Starting
in January 2017, Google plans to crack down on intrusive ads that interfere
with mobile content, the internet giant said Tuesday, according to a report in
zdnet.com.
Certain
pages with pop-ups that interfere with content, called interstitials, may not
rank as highly in search results, Google product manager Doantam Phan explained
in a blog spot.
Some
examples of interstitials that Google plans to discourage are pop-ups that
cover a page's main content, standalone interstitials that have to be dismissed
before accessing the main content, and interstitials that dominate the
"above the fold" portion of a mobile page -- an ad that would force a
user to scroll down to view the page's main content.
Phan
stressed that this is just one of hundreds of "ranking signals"
Google uses to rank pages. “The intent of the search query is still a very
strong signal, so a page may still rank highly if it has great, relevant
content,” Phan wrote.
Last
year, Google took steps to discourage interstitials that asked a user to
install a mobile app. “As we continued our development efforts, we saw the need
to broaden our focus to interstitials more generally,” Phan wrote.

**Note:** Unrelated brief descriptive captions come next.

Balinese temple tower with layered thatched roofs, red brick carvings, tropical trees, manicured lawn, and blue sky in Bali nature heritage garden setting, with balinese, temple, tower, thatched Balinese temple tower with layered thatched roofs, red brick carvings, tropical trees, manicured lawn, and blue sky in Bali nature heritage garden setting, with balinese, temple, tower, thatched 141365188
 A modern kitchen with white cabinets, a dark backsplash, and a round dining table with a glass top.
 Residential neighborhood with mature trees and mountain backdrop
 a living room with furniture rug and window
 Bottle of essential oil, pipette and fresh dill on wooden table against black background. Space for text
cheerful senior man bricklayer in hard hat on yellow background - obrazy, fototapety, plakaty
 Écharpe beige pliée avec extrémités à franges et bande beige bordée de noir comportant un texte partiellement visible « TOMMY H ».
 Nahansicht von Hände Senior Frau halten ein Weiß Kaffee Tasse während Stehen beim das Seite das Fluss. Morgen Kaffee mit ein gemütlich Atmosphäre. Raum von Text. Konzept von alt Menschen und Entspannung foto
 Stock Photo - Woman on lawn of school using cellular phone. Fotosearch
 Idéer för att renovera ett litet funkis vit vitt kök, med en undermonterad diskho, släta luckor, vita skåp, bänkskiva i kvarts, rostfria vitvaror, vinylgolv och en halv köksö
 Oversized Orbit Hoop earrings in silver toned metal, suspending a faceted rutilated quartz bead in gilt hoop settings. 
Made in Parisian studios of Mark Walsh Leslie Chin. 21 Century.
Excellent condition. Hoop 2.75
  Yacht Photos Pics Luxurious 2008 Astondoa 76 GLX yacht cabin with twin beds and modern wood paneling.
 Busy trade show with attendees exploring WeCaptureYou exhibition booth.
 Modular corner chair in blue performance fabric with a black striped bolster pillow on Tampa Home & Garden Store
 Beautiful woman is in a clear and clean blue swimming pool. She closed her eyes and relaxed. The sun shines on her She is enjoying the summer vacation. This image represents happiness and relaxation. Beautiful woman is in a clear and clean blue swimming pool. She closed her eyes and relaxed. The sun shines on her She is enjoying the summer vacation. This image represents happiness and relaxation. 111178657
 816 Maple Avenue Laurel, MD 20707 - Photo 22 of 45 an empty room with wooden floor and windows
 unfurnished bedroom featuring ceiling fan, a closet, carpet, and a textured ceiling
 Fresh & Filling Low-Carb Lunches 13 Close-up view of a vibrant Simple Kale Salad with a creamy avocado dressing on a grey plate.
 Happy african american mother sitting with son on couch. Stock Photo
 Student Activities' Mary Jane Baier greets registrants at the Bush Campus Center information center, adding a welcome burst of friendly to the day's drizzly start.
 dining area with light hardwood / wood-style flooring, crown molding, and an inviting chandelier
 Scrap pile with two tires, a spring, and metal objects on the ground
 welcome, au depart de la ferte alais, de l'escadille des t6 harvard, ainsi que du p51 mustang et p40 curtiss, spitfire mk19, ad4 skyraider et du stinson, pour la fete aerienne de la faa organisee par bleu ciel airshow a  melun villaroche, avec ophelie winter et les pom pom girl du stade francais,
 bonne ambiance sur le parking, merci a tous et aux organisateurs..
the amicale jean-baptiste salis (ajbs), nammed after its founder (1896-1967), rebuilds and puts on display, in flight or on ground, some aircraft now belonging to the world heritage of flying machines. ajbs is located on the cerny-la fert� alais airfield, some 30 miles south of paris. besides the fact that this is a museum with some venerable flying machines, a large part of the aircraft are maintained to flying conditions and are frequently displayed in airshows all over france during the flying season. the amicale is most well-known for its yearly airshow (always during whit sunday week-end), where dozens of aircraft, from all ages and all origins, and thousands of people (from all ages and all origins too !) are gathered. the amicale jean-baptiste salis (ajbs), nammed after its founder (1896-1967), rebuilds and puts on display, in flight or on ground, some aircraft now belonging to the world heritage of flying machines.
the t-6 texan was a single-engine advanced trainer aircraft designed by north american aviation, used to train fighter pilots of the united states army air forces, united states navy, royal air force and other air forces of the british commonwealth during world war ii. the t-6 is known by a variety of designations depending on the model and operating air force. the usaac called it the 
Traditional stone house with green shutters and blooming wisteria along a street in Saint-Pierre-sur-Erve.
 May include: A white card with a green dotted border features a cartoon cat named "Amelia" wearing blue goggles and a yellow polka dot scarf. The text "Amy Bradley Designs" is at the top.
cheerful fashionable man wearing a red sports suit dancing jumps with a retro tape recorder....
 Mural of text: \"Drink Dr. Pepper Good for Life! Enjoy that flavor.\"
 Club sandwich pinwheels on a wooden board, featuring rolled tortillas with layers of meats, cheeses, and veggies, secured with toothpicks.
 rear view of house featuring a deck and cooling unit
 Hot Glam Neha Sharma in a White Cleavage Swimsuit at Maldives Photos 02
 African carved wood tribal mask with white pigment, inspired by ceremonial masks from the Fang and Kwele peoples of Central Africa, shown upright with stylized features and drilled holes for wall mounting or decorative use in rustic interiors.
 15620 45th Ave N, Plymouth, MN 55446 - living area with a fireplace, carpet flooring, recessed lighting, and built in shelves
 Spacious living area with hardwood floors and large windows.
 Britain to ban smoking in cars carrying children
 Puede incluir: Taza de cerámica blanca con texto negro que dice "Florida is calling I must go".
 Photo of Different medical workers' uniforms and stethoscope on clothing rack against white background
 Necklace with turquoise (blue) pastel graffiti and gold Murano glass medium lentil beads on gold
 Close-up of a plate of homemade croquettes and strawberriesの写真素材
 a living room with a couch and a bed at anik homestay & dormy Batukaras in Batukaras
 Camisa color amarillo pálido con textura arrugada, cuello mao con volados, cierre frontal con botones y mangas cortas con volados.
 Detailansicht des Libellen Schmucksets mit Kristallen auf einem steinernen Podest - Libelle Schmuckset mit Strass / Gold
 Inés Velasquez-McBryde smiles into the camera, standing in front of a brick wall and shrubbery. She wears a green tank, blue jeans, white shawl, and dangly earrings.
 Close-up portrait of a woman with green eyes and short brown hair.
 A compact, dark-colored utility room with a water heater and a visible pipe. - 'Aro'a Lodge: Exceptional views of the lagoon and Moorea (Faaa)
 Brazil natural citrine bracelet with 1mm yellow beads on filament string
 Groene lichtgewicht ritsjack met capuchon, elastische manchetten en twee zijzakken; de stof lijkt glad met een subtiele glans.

That initial
effort is now combined with this new, broader check on interstitials.
There
are some types of interstitials that will not be affected by Google's new
"signal." Those include pop-ups that carry some legal obligation
(such as a prompt to verify a user's age), login dialogs on sites where content
isn't publicly indexable, or banners that use a "reasonable" amount
of screen space and are easily dismissible.